# Sticky  Newest firmware released for Pioneer 51/05 Players!



## Vader

Pioneer has just posted Firmware 1.17 for the Pioneer BDP-51FD and Elite BDP-05FD Players on their site. Among other things, it addresses stability and speed issues:

Ver 1.17
CHANGE HISTORY:
- Enhances stability of BD-Java playback (*)
- Fixes the case that error happens occasionally when hitting certain buttons repeatedly. 
- Fixes the case that player hangs when choosing certain items on menu of Blu-ray. 
- Fixes the case that the player does not work properly in combination operation of pause, fast-forward, and so on.
- Enhances the synchronization with audio and video during playback.
- Performance improvement
* The player's action can be slower than expected depending on contents (menu, game, etc.) included in certain BD-Java discs.

Another FW update is expected in (rumored for?) December, with the primary focus on code optimization. :bigsmile:


----------



## Vader

The December FW update is posted on Pioneer's site:

Ver 1.21
- Enhances stability of BD-Java playback (*)
- Performance improvement
* The player's action may be slower than expected depending on content (menu, game, etc.) included in certain BD-Java discs.

It looks as if the majority of fixes pertain to SD playback this time around (1.17, while it enhanced SD upconversion to Reon quality, some items were broken). A few title-specific BD problems were addressed as well, though I'm not sure which. This is where the player should have been when it hit the streets several months ago, and what one would expect from Pioneer. The only remaining hurdles are the error correction in the drive (_supposedly_ a first gen BD-ROM, though I'm not sure I buy that), and loading times. Next stop: A major performance overhaul in February, including DTS-HD MA internal decoding (so rumor has it, anyway)...

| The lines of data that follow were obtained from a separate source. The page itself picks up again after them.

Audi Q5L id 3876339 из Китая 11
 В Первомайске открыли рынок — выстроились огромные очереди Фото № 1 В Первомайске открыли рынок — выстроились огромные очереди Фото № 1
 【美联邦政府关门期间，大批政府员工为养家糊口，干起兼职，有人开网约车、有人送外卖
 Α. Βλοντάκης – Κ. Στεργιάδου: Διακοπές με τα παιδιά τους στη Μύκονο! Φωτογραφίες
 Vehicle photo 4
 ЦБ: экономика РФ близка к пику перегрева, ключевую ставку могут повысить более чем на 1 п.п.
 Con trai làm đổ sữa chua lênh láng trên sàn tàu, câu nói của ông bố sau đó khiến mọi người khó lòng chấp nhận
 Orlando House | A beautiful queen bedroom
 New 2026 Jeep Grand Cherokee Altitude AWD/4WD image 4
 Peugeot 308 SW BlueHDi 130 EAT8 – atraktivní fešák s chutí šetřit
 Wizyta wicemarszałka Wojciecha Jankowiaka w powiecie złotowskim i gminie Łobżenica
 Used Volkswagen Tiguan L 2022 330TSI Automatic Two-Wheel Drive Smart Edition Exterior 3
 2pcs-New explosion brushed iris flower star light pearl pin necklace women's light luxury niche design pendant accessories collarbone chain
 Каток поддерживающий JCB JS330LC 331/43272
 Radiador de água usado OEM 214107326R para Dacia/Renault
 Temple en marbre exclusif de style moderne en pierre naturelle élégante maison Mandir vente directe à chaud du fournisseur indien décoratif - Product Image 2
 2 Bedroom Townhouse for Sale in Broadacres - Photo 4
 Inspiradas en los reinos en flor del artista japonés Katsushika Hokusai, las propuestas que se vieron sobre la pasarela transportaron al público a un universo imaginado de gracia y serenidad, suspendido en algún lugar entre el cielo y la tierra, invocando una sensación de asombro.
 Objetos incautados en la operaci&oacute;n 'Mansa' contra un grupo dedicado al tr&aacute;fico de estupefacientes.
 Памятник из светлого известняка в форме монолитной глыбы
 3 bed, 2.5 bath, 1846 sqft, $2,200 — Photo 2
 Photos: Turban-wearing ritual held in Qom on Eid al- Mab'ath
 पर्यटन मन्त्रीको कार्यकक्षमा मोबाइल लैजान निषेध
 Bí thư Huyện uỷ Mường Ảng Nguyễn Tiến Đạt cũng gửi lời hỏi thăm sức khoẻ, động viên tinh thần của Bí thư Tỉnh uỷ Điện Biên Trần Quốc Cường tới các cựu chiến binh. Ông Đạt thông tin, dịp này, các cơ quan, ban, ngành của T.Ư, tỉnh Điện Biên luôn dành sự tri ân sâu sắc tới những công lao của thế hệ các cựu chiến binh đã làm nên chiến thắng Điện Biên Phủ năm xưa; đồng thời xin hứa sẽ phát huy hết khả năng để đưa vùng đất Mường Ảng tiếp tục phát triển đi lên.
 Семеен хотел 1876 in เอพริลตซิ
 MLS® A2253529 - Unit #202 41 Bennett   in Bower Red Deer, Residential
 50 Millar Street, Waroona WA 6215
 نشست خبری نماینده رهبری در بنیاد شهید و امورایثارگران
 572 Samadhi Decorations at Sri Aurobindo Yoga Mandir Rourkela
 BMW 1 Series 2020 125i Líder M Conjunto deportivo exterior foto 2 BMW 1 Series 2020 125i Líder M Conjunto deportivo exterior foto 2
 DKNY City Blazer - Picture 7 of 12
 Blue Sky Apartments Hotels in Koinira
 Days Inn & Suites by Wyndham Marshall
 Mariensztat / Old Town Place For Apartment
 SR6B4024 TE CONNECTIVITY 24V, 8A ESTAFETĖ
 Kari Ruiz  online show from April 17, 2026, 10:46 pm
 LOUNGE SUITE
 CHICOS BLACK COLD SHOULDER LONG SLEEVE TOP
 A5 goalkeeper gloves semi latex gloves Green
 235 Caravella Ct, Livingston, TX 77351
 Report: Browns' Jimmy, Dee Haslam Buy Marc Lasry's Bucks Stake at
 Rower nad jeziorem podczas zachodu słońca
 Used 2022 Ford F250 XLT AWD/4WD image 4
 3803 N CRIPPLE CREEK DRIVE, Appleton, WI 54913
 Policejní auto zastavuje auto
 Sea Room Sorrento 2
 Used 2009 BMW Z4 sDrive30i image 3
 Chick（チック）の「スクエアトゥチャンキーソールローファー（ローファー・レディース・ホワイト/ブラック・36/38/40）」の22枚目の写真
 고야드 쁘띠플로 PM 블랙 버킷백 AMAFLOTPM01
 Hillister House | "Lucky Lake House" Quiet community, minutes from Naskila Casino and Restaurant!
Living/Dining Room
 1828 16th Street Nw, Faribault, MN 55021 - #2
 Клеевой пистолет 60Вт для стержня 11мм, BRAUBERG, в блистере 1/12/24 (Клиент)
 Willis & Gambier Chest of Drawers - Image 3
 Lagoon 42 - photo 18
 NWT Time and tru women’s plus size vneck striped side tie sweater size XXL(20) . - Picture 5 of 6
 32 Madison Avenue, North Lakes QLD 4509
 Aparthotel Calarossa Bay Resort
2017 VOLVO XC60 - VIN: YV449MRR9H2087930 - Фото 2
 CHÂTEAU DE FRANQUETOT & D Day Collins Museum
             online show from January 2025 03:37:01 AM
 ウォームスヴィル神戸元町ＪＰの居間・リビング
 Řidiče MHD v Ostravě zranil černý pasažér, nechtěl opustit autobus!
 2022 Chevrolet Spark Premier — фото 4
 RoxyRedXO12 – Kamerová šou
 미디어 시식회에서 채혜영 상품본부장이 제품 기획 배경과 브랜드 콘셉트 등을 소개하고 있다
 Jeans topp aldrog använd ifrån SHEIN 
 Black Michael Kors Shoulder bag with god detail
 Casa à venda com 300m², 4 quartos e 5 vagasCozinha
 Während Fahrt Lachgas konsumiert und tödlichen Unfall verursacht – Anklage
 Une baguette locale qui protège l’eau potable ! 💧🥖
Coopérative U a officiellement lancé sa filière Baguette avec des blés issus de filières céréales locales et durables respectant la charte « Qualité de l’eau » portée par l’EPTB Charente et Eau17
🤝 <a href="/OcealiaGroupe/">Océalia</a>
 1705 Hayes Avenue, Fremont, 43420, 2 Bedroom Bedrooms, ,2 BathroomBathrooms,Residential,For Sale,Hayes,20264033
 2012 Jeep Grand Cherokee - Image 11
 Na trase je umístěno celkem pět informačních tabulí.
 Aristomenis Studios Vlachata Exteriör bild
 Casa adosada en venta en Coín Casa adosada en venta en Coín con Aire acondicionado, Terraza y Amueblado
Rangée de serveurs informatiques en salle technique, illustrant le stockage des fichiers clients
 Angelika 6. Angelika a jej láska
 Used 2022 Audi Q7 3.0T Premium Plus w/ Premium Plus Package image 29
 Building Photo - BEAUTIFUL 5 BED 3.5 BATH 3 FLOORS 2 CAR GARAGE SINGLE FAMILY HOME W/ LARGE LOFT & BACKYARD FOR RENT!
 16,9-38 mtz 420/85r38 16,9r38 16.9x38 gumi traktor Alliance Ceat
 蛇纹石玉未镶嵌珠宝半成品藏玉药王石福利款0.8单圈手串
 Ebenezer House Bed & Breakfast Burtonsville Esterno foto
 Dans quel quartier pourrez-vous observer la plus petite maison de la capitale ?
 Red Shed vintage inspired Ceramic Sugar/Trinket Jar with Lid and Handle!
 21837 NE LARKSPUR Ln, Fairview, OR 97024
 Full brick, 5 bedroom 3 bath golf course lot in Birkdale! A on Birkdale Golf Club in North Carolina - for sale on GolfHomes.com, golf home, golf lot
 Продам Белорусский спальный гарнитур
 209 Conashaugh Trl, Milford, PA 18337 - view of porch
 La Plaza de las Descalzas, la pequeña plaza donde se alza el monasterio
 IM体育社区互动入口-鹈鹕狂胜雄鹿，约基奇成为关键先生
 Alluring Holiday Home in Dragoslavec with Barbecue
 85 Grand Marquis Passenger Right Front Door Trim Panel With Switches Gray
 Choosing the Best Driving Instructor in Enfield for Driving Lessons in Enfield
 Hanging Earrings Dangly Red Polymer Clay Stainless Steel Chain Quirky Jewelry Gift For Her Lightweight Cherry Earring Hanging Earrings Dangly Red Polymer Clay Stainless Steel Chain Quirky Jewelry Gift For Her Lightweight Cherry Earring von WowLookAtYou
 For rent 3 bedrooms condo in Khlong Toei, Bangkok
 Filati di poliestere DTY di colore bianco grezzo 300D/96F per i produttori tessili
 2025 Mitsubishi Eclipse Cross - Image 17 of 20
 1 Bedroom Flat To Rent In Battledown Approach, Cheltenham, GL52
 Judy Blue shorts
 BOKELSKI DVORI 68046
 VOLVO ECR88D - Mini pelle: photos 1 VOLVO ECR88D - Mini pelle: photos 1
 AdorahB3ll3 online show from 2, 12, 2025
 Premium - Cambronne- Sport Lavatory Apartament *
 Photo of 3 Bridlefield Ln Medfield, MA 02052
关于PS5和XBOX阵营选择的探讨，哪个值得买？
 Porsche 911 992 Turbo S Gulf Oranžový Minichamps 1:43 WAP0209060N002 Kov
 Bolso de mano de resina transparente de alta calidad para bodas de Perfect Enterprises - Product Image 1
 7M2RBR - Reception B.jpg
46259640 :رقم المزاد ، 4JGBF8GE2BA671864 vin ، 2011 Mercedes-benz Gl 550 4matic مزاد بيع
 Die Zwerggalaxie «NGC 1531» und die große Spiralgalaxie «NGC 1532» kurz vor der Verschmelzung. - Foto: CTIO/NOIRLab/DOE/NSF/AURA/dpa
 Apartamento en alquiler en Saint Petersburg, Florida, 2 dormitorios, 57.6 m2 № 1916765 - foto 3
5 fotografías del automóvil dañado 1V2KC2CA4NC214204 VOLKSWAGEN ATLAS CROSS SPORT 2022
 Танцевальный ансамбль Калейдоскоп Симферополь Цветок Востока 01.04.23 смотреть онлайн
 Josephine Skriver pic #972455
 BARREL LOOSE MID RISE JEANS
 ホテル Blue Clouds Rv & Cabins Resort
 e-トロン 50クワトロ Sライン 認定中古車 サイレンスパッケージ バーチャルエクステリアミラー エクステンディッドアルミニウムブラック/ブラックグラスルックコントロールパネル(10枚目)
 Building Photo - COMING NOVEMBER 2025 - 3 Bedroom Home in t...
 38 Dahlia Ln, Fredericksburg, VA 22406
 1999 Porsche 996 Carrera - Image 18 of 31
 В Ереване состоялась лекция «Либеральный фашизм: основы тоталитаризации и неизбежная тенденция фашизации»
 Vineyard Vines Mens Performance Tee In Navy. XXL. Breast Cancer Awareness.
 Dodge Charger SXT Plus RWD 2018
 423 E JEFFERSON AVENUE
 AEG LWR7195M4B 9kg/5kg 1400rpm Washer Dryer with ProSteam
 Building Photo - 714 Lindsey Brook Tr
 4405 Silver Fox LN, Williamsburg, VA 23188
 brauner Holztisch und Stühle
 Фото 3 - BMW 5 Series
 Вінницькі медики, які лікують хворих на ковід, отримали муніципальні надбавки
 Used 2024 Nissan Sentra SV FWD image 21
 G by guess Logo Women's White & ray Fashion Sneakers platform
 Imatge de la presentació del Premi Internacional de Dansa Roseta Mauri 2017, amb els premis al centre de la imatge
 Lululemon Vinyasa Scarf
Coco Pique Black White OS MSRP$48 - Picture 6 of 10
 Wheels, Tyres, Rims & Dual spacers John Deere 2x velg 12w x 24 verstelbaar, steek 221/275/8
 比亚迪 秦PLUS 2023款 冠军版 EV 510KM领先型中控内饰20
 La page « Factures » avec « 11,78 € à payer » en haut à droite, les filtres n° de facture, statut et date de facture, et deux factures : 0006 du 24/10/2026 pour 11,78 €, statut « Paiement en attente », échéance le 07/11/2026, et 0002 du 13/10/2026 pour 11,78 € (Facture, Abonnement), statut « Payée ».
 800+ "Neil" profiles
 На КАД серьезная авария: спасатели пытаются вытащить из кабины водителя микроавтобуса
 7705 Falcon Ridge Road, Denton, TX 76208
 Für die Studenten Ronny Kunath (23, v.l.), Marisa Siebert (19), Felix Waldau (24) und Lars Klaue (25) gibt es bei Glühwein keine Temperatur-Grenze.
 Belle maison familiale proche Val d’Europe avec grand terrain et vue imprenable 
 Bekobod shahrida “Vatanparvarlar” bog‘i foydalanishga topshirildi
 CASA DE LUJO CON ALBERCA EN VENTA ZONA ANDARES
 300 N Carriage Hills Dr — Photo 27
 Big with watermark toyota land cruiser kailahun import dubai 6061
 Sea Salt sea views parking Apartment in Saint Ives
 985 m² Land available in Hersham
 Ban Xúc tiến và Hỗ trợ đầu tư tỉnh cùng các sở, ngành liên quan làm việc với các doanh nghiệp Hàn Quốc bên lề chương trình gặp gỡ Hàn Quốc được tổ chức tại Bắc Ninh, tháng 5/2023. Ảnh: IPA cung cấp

... and how about an adjustable crossover and distance settings (I know, NOW I'm dreaming...?)


----------



## Vader

Firmware version 1.25a is now posted for download on Pioneer's site. It appears to be a minor update, and not the major update rumor has it is coming in February. The DTS-HD MA is currently (key word: _currently_) scheduled for March/early April. In any case, here is what the update addresses:

Ver 1.25a
CHANGE HISTORY:
- Enhances BD-ROM playability and stability of BD-Java playback (*)
- Reduces the chance of sound noise in HDMI connection with certain receivers when searching titles/chapters of BD/DVD.
- Reduces the chance of sound noise in analog audio output when searching chapters of CD.
* The player's action can be slower than expected depending on contents (menu, game, etc.) included in certain BD-Java discs.


----------



## Vader

Well, after almost a year of waiting, the DTS-HD MA update is out! This update does not appear to contain the "big performance update" that is still running around the rumor mill, but it does give DTS-HD MA decoding, adjustable crossovers (woo whoo!) as well as fix some lingering bugs (Star Trek dropouts, SD-DVD audio repeat bug, T2). Here's the official spiel:

Ver 1.32
CHANGE HISTORY:
- Enables the following new functions
1. DTS-HD audio output
Enable to convert DTS-HD audio to linear PCM for HDMI OUT (MAIN) terminal.
Enable to convert DTS-HD audio to analog audio for AUDIO OUT (7.1 ch) terminals.
2. Image file playback
Enable to play image files recorded on DVDs or CDs.
3. Crossover frequency for AUDIO OUT (7.1 ch) terminals
- Enhances stability of BD-Java playback (*)
- Enhances stability of BD-ROM/BD-R/BD-RE/DVD-Video playback
- Fixes an error of resume playback function after switching off the player by pressing STANDBY/ON button during playback of BD-ROM discs.
- Performance improvement
* The player's action can be slower than expected depending on contents (menu, game, etc.) included in certain BD-Java discs.


----------



## Vader

The latest update, version 1.37, is now available for download on the USA site. This update is purely performance enhancement (as opposed to new functionality), and I would expect from here on in for the updates to simply be for compatibility. Specifically,


> Ver 1.37
> CHANGE HISTORY:
> - Enhances stability of BD-ROM/BD-R/BD-RE/DVD-Video playback
> - Performance improvement


Put simply, the update greatly decreases the load time of Java-infested titles, such as T2: Skynet (but, for some reason, _increases_ the boot time by several seconds...?!?). The Java engine has been completely rewritten, so now the machine is comparable to most other SA players in this regard. Also, the firmware for the BD-ROM drive has been updated (from 1.05 to 1.07), although it is not clear what was done (better error correction, perhaps?). In any case, enjoy! :bigsmile:

THIS is where the machine should have been upon release, but better late than never!


----------



## Jon Liu

That's great, Vader! I got rid of my BDP-51 a long time ago because it took too long for firmware to come out and it also took too long to get a movie going...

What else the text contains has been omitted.